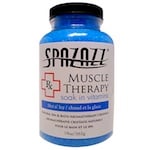 Muscular Therapy Spa Salts - 19 oz - 'Hot 'N Icy'
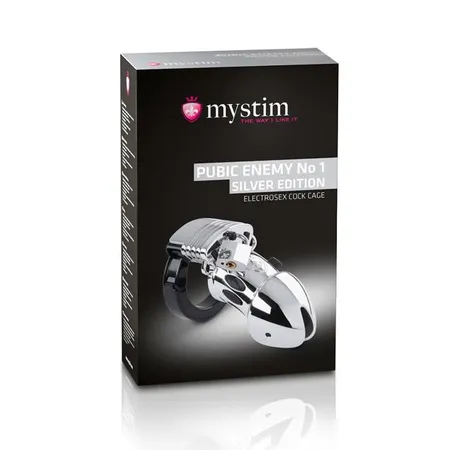 Mistim 3 pojas vernosti muški (izvor impulsa se kupuje odvojeno)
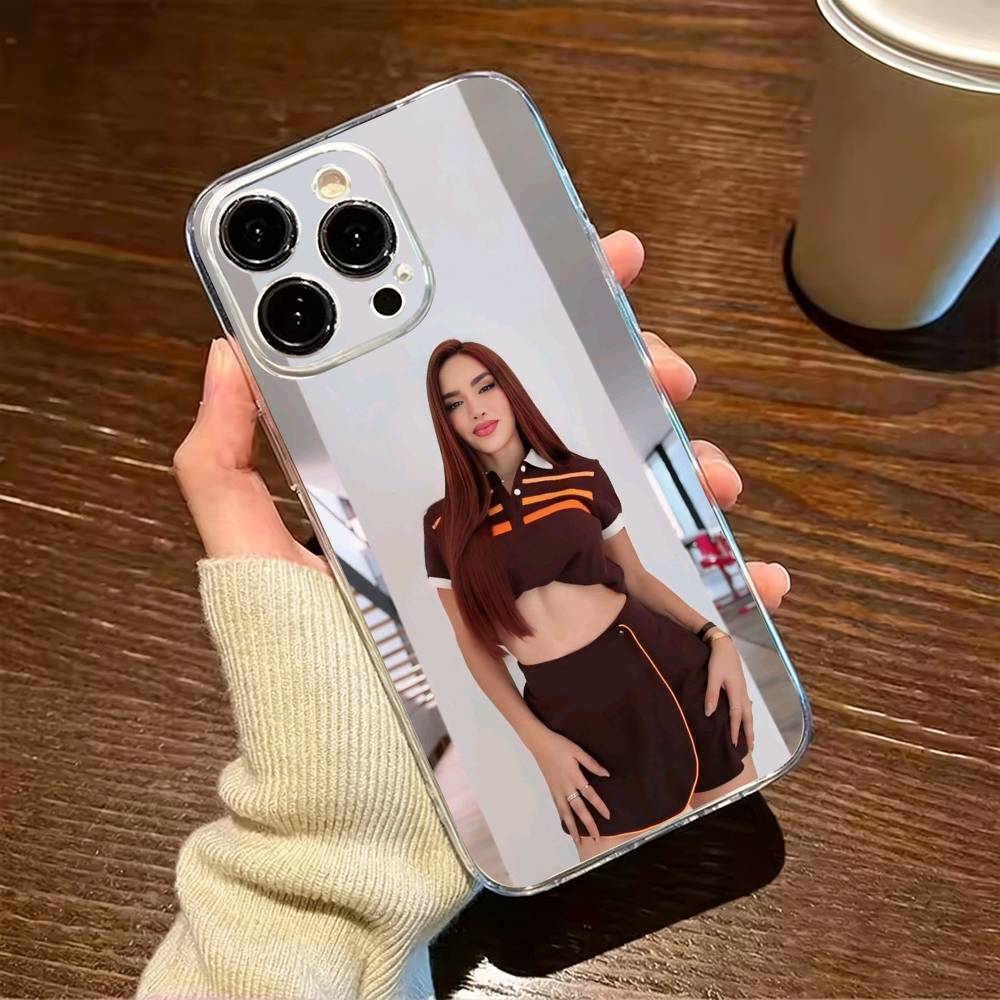 Custodia Morbida Trasparente i - Phone Cases Za recensione e prezzo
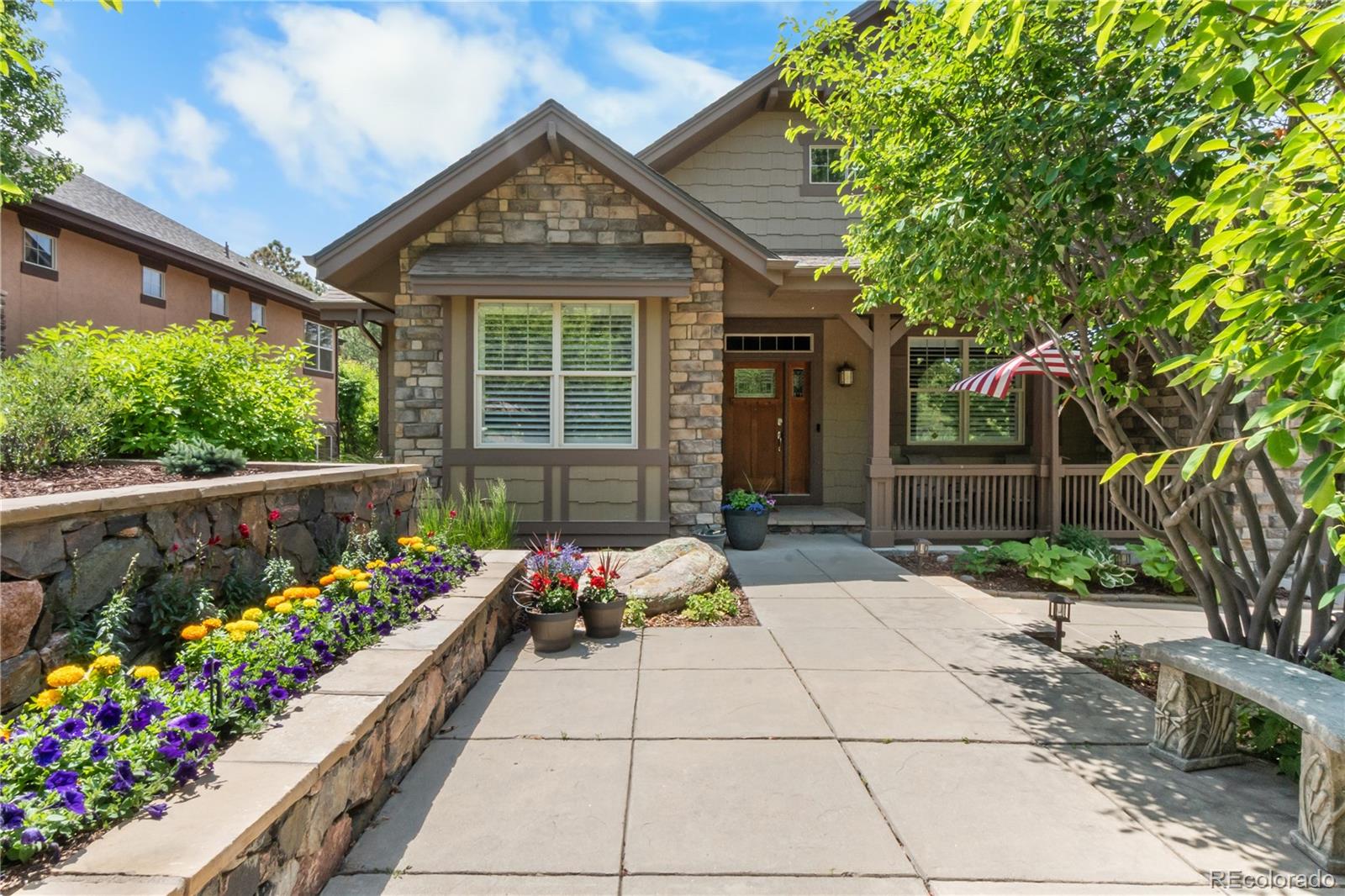 2814 Oak Vista Ln, Castle Rock, CO 80104
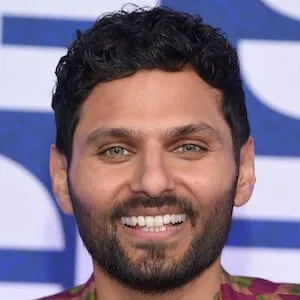 Jay Shetty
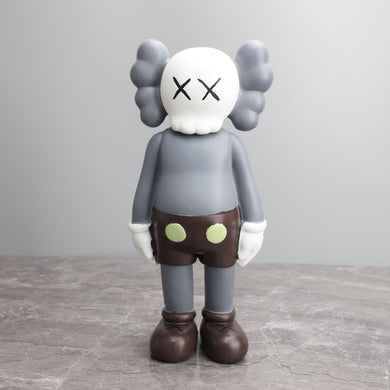 DAGON STANDING KAWS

■ ■ ■ ■ ■

▶ **Your assignment**:
Please output each line above exactly and omit all images.

▶ **Result of the task**:
 Muscular Therapy Spa Salts - 19 oz - 'Hot 'N Icy'
 Mistim 3 pojas vernosti muški (izvor impulsa se kupuje odvojeno)
 Custodia Morbida Trasparente i - Phone Cases Za recensione e prezzo
 2814 Oak Vista Ln, Castle Rock, CO 80104
 Jay Shetty
 DAGON STANDING KAWS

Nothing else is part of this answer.